On page 36 of Tenenbaum's book: introduction of analytic and probabilistic number theory, 3rd ed, AMS. it says that $$\sum_{n\leqslant x} \mu(n) \left \lfloor \frac{x}{n} \right \rfloor = 1$$ suggests $$\lim_{x \rightarrow \infty} \sum_{n \leqslant x} \frac{ \mu(n)}{n} = 0$$ This $\mu(n)$ is Mobius function.

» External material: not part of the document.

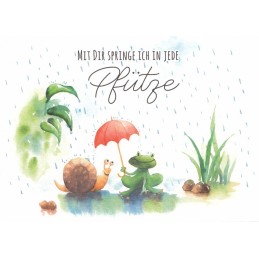 Mit Dir springe ich in jede Pfütze - Postkarte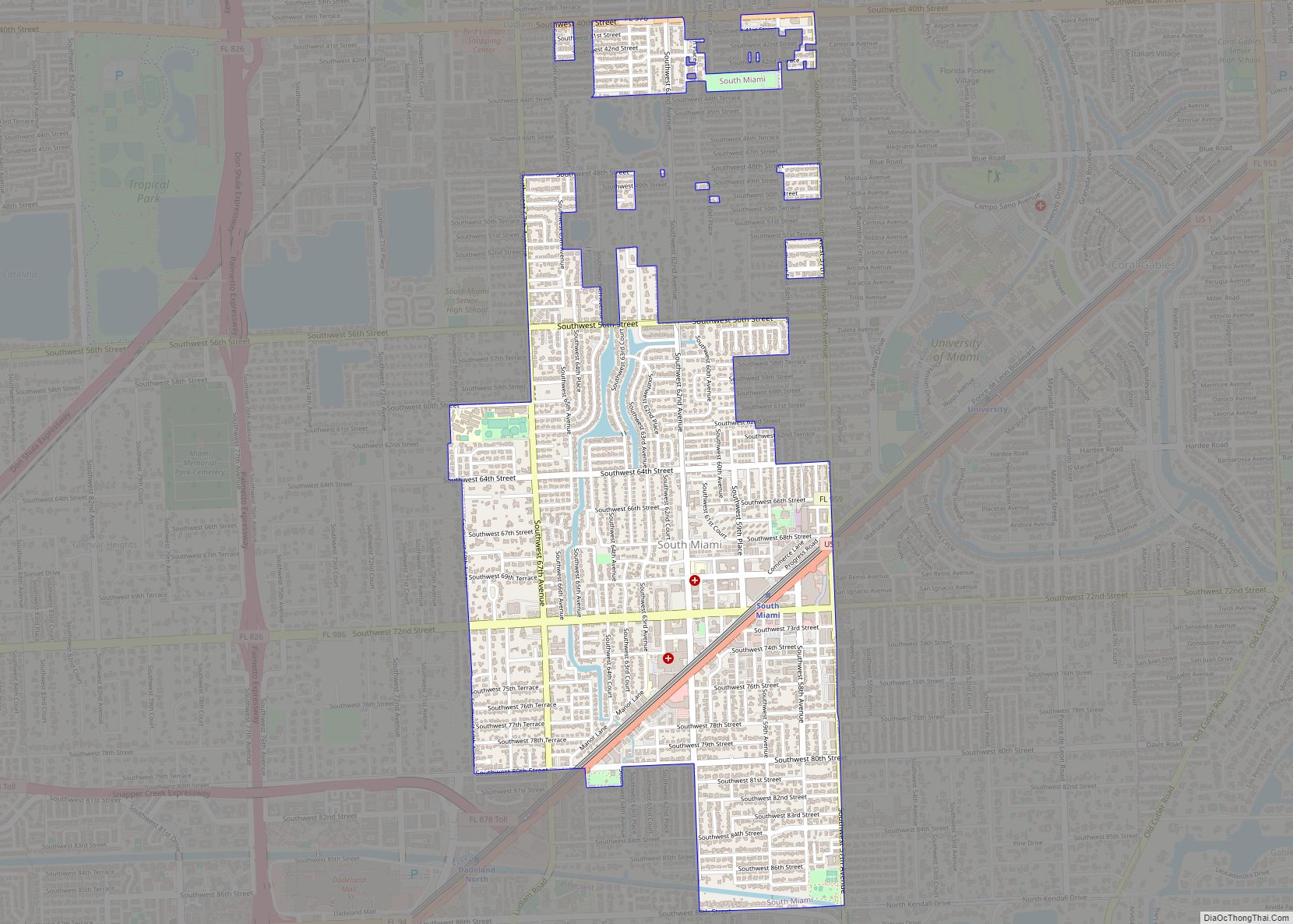 Map of South Miami city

But I let $\left \lfloor \frac{x}{n} \right \rfloor = \frac{x}{n} + O(1)$, then I can only get $$\lim_{x \rightarrow \infty} \sum_{n \leqslant x} \frac{ \mu(n)}{n} = O(1)$$
For proving the claim in a easy way we have to use the PNT in the form $$\lim_{x\rightarrow\infty}\frac{M\left(x\right)}{x}=0\tag{1} $$ where $M\left(x\right)=\sum_{n\leq x}\mu\left(n\right) $ is the Mertens function. Since $\sum_{n\leq x}\mu\left(n\right)\left\lfloor \frac{x}{n}\right\rfloor =1 $ we have $$1=\sum_{n\leq x}\mu\left(n\right)\left\lfloor \frac{x}{n}\right\rfloor =x\sum_{n\leq x}\frac{\mu\left(n\right)}{n}-\sum_{n\leq x}\mu\left(n\right)\left\{ \frac{x}{n}\right\} $$ where $\left\{ x\right\} $ is the fractional part of $x$. So $$x\left|\sum_{n\leq x}\frac{\mu\left(n\right)}{n}\right|=\left|1-\sum_{n\leq x}\mu\left(n\right)\left\{ \frac{x}{n}\right\} \right| $$ $$\leq1+\sum_{n\leq x}\left\{ \frac{x}{n}\right\} =1+\left\{ x\right\} +\sum_{2\leq n\leq x}\left\{ \frac{x}{n}\right\} $$ $$\leq1+\left\{ x\right\} +\left\lfloor x\right\rfloor -1=x $$ hence $$\left|\sum_{n\leq x}\frac{\mu\left(n\right)}{n}\right|\leq1.\tag{2} $$ Now if we put $$A\left(x\right)=\sum_{n\leq x}\frac{\mu\left(n\right)}{n} $$ we have, using Abel's summation, that $$M\left(x\right)=\sum_{n\leq x}\frac{\mu\left(n\right)}{n}n=xA\left(x\right)-\int_{1}^{x}A\left(t\right)dt $$ and from $(2)$ we observe that if we fix $\epsilon>0 $ we have that exists some $c>0$ depending only on $\epsilon $ such that $\left|A\left(x\right)\right|<\epsilon $ if $x\geq c $. So $$\int_{1}^{x}\left|A\left(t\right)\right|dt=\int_{1}^{c}\left|A\left(t\right)\right|dt+\int_{c}^{x}\left|A\left(t\right)\right|dt $$ $$\leq c-1+\epsilon\left(x-c\right) $$ hence $$\left|A\left(x\right)\right|\leq\left|\frac{M\left(x\right)}{x}\right|+\frac{1}{x}\int_{1}^{x}\left|A\left(t\right)\right|dt\leq\left|\frac{M\left(x\right)}{x}\right|+\epsilon $$ and using $(1)$ and the arbitrariness of $\epsilon $ we can conclude. NOTE: this proof is classical and it is taken from Apostol, Introduction to Analytic Number Theory.